THE TASK: Only the text is wanted; write out each record below exactly and exclude all pictures.

== SOURCE MATERIAL ==

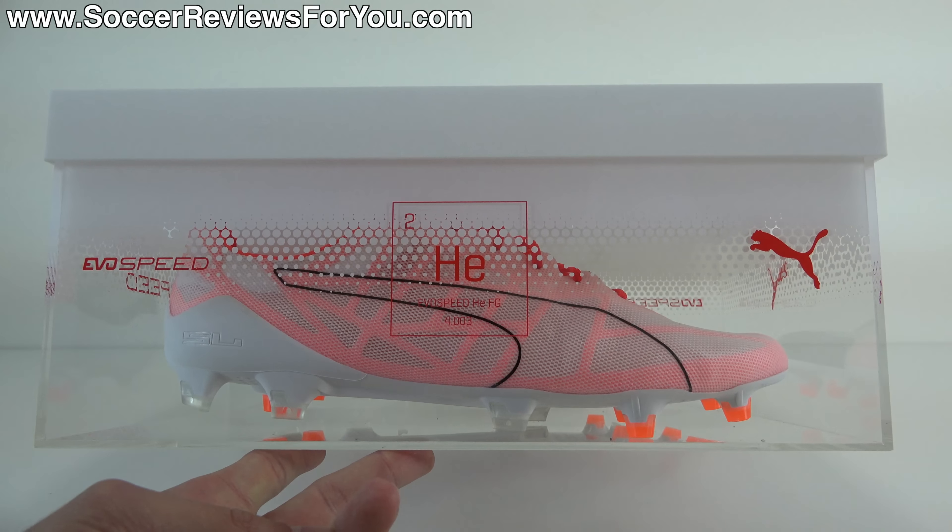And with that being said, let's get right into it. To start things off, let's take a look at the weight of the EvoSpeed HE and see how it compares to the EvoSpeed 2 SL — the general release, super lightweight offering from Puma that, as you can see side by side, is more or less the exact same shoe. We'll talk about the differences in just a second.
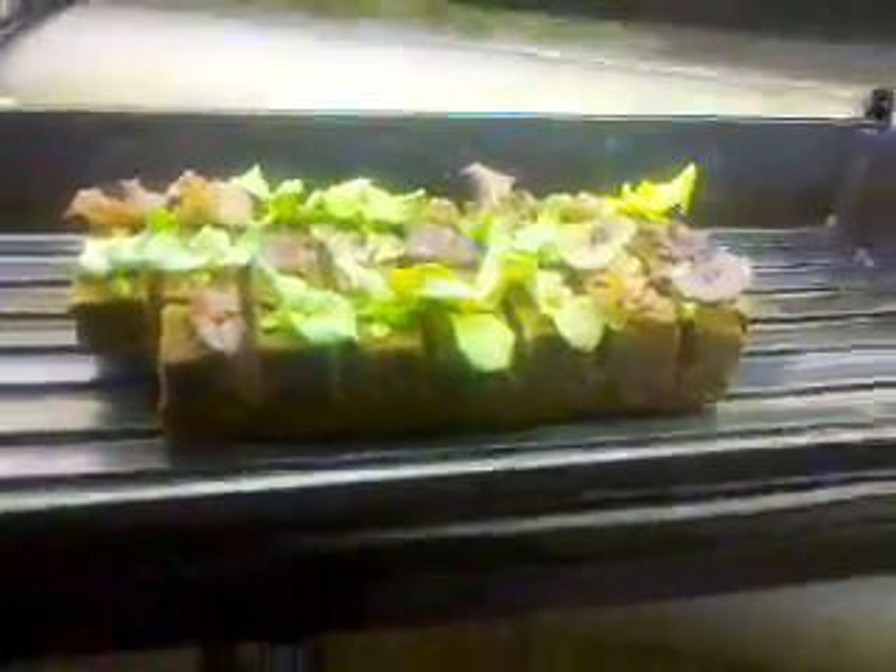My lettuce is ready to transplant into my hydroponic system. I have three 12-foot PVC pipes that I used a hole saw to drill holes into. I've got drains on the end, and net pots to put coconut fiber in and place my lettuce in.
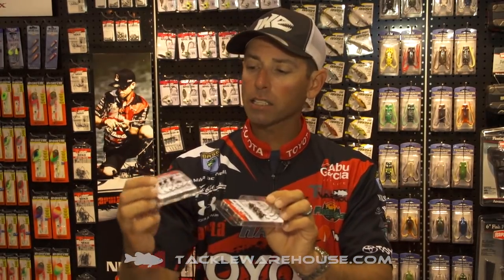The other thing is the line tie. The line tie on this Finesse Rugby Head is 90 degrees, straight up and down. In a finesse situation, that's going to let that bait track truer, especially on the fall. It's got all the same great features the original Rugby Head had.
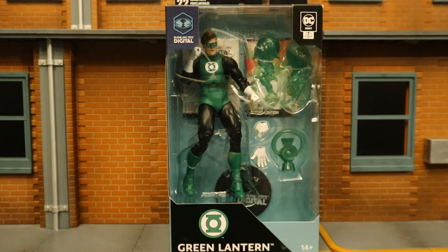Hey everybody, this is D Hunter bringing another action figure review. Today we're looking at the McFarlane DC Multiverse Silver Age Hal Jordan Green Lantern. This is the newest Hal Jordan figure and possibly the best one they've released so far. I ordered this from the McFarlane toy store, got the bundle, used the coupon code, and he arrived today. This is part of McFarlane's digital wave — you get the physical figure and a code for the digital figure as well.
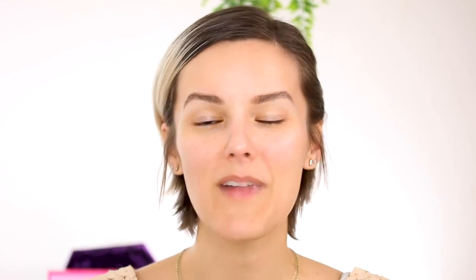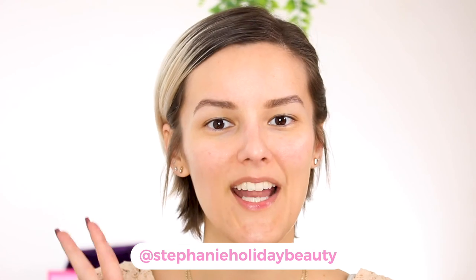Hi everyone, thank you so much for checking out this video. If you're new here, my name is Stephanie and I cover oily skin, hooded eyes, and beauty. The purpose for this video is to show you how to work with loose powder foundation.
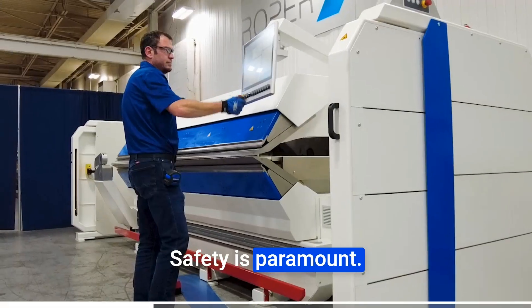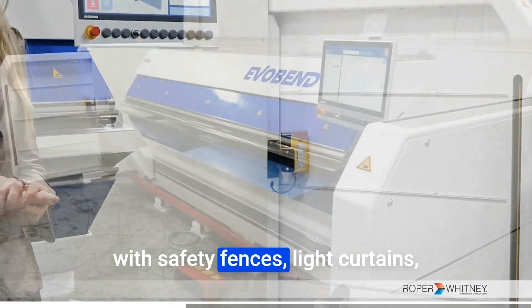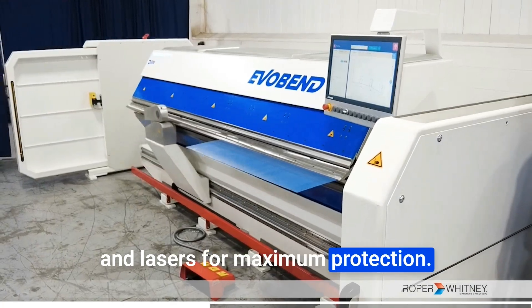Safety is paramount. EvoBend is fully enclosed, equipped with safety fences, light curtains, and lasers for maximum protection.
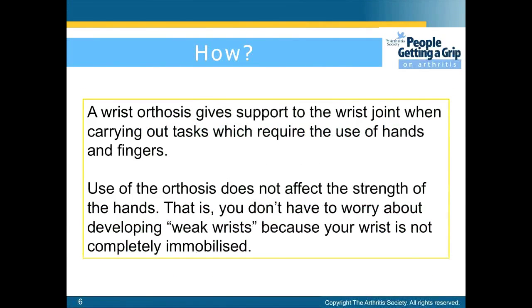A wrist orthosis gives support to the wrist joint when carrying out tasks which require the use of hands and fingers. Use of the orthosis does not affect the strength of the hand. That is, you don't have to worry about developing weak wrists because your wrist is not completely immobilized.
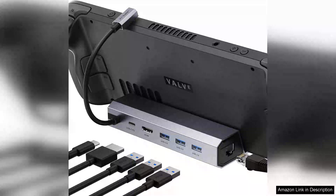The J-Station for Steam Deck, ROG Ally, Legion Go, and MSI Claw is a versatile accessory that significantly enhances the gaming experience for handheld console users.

===

ANSWER AREA:
And with that being said, let's get right into it. To start things off, let's take a look at the weight of the EvoSpeed HE and see how it compares to the EvoSpeed 2 SL — the general release, super lightweight offering from Puma that, as you can see side by side, is more or less the exact same shoe. We'll talk about the differences in just a second.
My lettuce is ready to transplant into my hydroponic system. I have three 12-foot PVC pipes that I used a hole saw to drill holes into. I've got drains on the end, and net pots to put coconut fiber in and place my lettuce in.
The other thing is the line tie. The line tie on this Finesse Rugby Head is 90 degrees, straight up and down. In a finesse situation, that's going to let that bait track truer, especially on the fall. It's got all the same great features the original Rugby Head had.
Hey everybody, this is D Hunter bringing another action figure review. Today we're looking at the McFarlane DC Multiverse Silver Age Hal Jordan Green Lantern. This is the newest Hal Jordan figure and possibly the best one they've released so far. I ordered this from the McFarlane toy store, got the bundle, used the coupon code, and he arrived today. This is part of McFarlane's digital wave — you get the physical figure and a code for the digital figure as well.
Hi everyone, thank you so much for checking out this video. If you're new here, my name is Stephanie and I cover oily skin, hooded eyes, and beauty. The purpose for this video is to show you how to work with loose powder foundation.
Safety is paramount. EvoBend is fully enclosed, equipped with safety fences, light curtains, and lasers for maximum protection.
A wrist orthosis gives support to the wrist joint when carrying out tasks which require the use of hands and fingers. Use of the orthosis does not affect the strength of the hand. That is, you don't have to worry about developing weak wrists because your wrist is not completely immobilized.
The J-Station for Steam Deck, ROG Ally, Legion Go, and MSI Claw is a versatile accessory that significantly enhances the gaming experience for handheld console users.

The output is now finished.